4. Decision-Making Differences
In terms of mate choice, error management theory (Haselton & Buss, 2000) suggests that the inherent long-term consequences to females of making an error in mate choice is greater than the cost of making an error to a male. Consequently, females have evolved a tendency to perceive male interest cautiously (an under-perception bias), while males have evolved a tendency to perceive female interest as greater than is actually the case (a sexual over-perception bias). So there are gender differences in what males and females interpret as being sexual interest. Applying this to online dating, the theory predicts that male users of dating sites should show far more sexual interest in females than females will show in males, resulting in more rejection for males than for females.

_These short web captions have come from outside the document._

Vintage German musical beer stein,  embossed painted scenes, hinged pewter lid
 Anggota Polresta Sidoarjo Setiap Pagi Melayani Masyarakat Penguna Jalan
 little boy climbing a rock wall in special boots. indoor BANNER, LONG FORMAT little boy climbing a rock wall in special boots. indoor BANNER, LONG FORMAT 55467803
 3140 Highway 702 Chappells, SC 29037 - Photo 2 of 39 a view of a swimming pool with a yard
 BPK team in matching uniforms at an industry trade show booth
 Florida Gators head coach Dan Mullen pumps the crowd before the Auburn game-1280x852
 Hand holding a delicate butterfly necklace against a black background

The research certainly supports this in terms of which gender is more likely to make contact with another through online dating sites. Hitsch, Hortacsu, and Ariely (2010) found that males viewed more three times as many dating profiles as females did; males were more likely to make contact with a female after viewing a profile; and males sent over three times more messages than females. In terms of responding to messages, Fiore, Taylor, Zhong, Mendelsohn, and Cheshire (2010) found that males replied to more first-contact messages than females (26 percent compared to 16 percent).
We are not suggesting that everyone shows a lack of regard when replying to a message from another via online dating, but if you perceive a reply in such a way, the above may explain why. The important thing is not to give up too easily. Don’t take rejection online in the same way as you may take it in a face-to-face context. Online dating is different, and has different rules.
Fiore, A. T., Taylor, L. S., Zhong, X., Mendelsohn, G. A., & Cheshire, C. (2010). Who’s right and who writes: People, profiles, contacts,and replies in online dating. Retrieved from http://www.computer.org/csdl/proceedings/hicss/2010/3869/00/index.html.
Haselton, M. G. & Buss, D. M. (2000). ‘Error management theory: A new perspective on biases in cross-sex mind reading’ Journal of Personality and Social Psychology, 78 (1), 81-91.
Hitsch, G. J., Hortaçsu, A., & Ariely, D. (2010). What makes you click? Mate preferences in online dating. Quantitative Marketing and Economics, 8, 393–427.
Maclean, K. (2016). ‘POF survey reveals 80% of Millennials have been Ghosted’ Retrieved from http://blog.pof.com/2016/03/pof-survey-reveals-80-millennials-ghosted/ June 2017.
Suler, J. (2004). ‘The Online Disinhibition Effect’ Cyberpsychology and Behaviour, 7 (3), 321-326.